- **TASK REQUIREMENTS**: Everything below from the line with "Nurturing Dog Miniature" to the last line, both included, is to be written out exactly, with nothing added.
--- INPUT FOR THIS TASK Enclosed Below ---
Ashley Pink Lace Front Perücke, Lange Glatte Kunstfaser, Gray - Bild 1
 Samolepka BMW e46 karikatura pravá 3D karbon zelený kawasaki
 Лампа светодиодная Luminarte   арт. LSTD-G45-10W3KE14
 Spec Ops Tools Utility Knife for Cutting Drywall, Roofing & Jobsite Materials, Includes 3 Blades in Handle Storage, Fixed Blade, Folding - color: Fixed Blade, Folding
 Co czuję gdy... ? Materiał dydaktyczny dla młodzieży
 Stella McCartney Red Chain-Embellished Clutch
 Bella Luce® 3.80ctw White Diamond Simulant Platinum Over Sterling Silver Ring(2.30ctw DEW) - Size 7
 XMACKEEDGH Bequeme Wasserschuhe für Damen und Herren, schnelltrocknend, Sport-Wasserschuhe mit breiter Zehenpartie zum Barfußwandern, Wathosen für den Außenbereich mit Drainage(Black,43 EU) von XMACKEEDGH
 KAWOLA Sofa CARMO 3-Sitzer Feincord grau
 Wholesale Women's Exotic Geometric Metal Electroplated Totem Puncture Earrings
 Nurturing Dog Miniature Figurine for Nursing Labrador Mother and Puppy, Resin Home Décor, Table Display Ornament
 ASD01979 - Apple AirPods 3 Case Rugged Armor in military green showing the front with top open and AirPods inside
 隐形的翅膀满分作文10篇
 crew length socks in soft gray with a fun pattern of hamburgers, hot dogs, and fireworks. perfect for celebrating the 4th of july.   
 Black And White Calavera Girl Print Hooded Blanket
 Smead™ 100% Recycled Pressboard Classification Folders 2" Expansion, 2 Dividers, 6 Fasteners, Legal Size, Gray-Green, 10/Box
--- End of Enclosed INPUT FOR THIS TASK ---
- **WRITTEN RESPONSE**:
 Nurturing Dog Miniature Figurine for Nursing Labrador Mother and Puppy, Resin Home Décor, Table Display Ornament
 ASD01979 - Apple AirPods 3 Case Rugged Armor in military green showing the front with top open and AirPods inside
 隐形的翅膀满分作文10篇
 crew length socks in soft gray with a fun pattern of hamburgers, hot dogs, and fireworks. perfect for celebrating the 4th of july.   
 Black And White Calavera Girl Print Hooded Blanket
 Smead™ 100% Recycled Pressboard Classification Folders 2" Expansion, 2 Dividers, 6 Fasteners, Legal Size, Gray-Green, 10/Box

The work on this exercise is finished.